▶ [Action item]
Reproduce the entries shown below only from the line with "ИБП Ippon Back" down to the line with "Blossoming by Paul Klee", keeping both end lines and copying each one exactly.
____ Given records
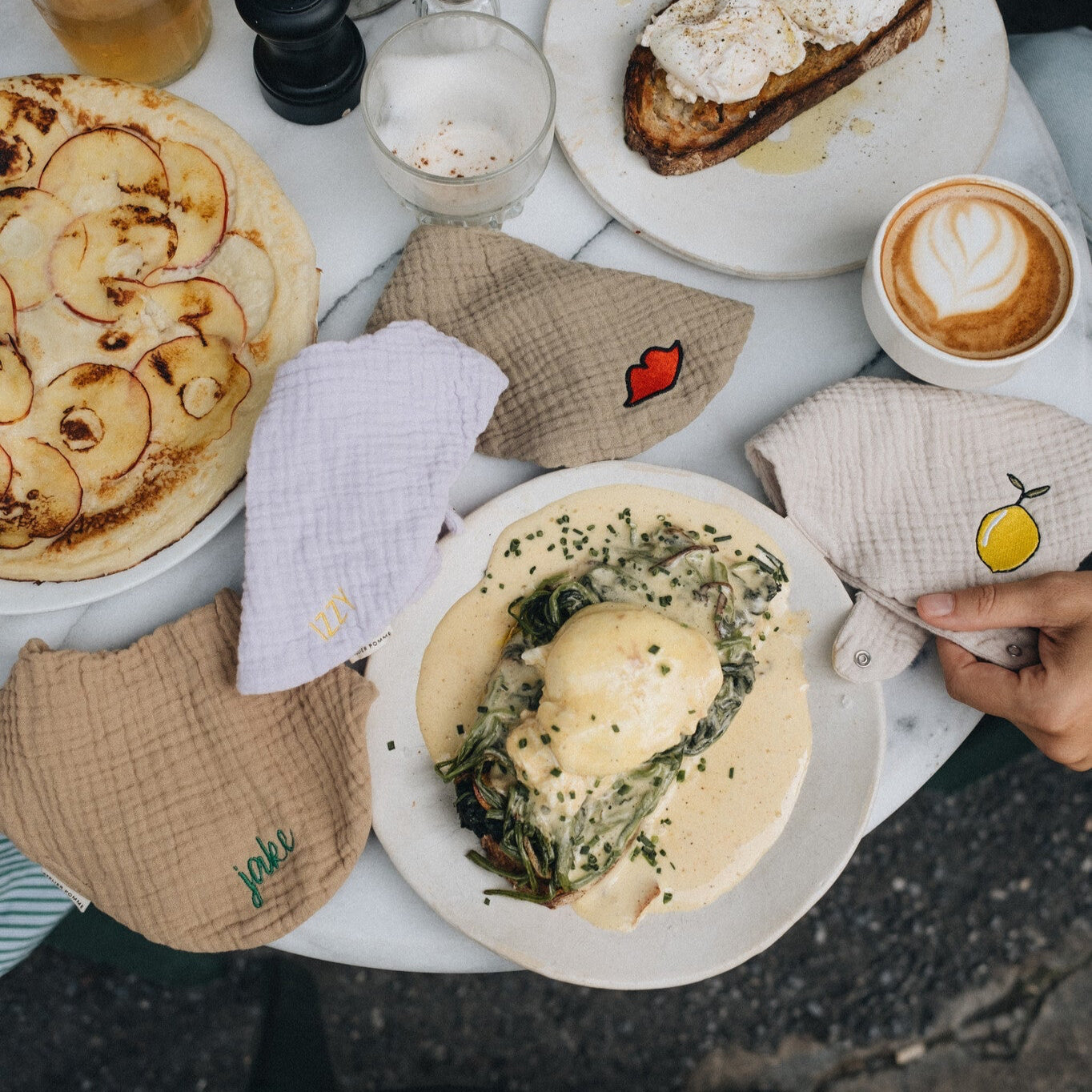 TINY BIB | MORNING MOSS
________
____ Given records
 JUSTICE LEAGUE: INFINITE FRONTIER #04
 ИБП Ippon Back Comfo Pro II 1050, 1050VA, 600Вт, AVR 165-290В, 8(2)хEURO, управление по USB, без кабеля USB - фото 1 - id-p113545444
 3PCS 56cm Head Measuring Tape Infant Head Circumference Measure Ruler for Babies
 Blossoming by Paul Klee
________
▶ [Response area]
 ИБП Ippon Back Comfo Pro II 1050, 1050VA, 600Вт, AVR 165-290В, 8(2)хEURO, управление по USB, без кабеля USB - фото 1 - id-p113545444
 3PCS 56cm Head Measuring Tape Infant Head Circumference Measure Ruler for Babies
 Blossoming by Paul Klee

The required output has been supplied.